While the number of social media posts talking about the lab in relation to the flu outbreak was small (18), their messages reached a wide audience: these 18 posts earned 754 likes from visitors and were commented on 538 times. Social media posts in which right-wing groups discussed the Lugar Laboratory were shared 1,639 times.
As previous analysis has highlighted, Georgia’s far-right is a heterogeneous crowd, and labelling them uniformly pro-Russian is misleading. In fact, the analysis of 26,000 social media posts shows that Georgia’s far-right speaks more negatively about Russia than the West on the whole. A sentiment analysis, a machine learning technique, scored conversations about Russia as net negative compared with almost neutral for the West.
Still, some pages which have pro-Russian slants also boast large followings. For instance, before being blocked by Facebook, Georgian Idea had about 40,000 subscribers. Another nationalist group, Georgian March, is followed by over 17,000 users and another 16,000 users subscribe to its content. On the whole, both groups speak more positively than negatively about Russia.
The analysis also suggests that pro-Russian pages actively engage with their audiences. Content created by the pro-Russian Georgian Idea garnered about 25,483 comments and 180,026 likes, while pro-Russian Georgian March attracted 32,761 comments from users. Importantly, other nationalist pages were less successful in engaging their audiences.
In contrast to the above pages, a large majority of far-right groups were not explicitly pro-Russian. Rather, the content of their messages was critical of both Russia and the West.
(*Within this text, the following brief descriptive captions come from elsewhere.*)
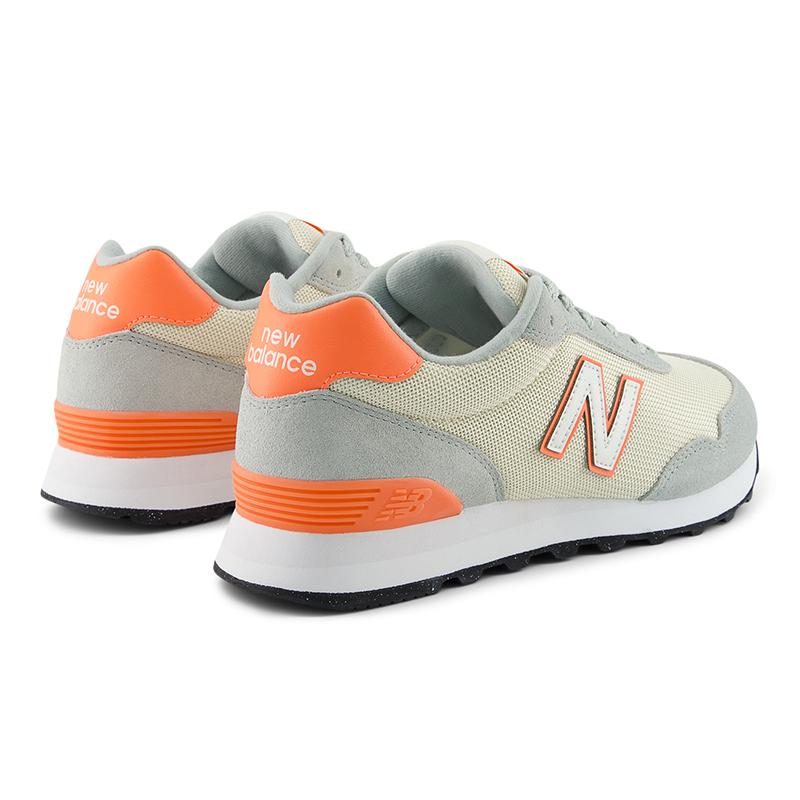 New Balance（ニューバランス） new balance 515 スニーカー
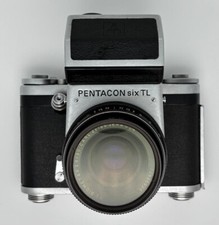 pentacon 300 usato pentacon 300 usato Bari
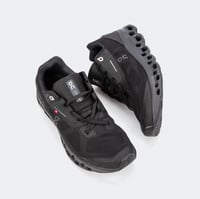 حذاء اون راننجOn Running Cloud-5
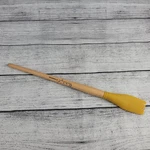 Catalyst By Princeton Artist Brush Silicone Blade B30-04 B-04 30MM. Fixed Price $12.60.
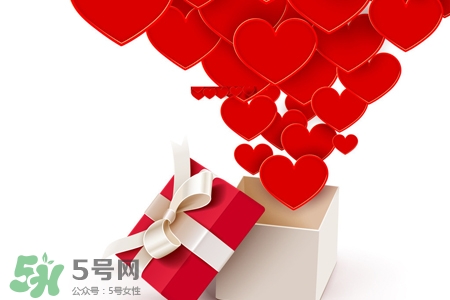 情人節(jié)可以見家長嗎？情人節(jié)見家長好嗎？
The latter is usually criticised for pushing Georgia to accept a ‘liberal political agenda’. In contrast, Russia is portrayed as an enemy responsible for Georgia’s territorial conflicts.
While there is little besides circumstantial evidence that (parts of) Georgia’s far right is funded by Moscow, the data show that they do propagate messages that resonate with the Russian government’s vision of the world.
Despite sharing a similar vision, most far-right pages attack Russia with more vigour than the EU. While it is unclear whether some of these groups are backed by Russia, it is clear is that they at least amplify if not plant pro-Russian sentiments among the Georgian public.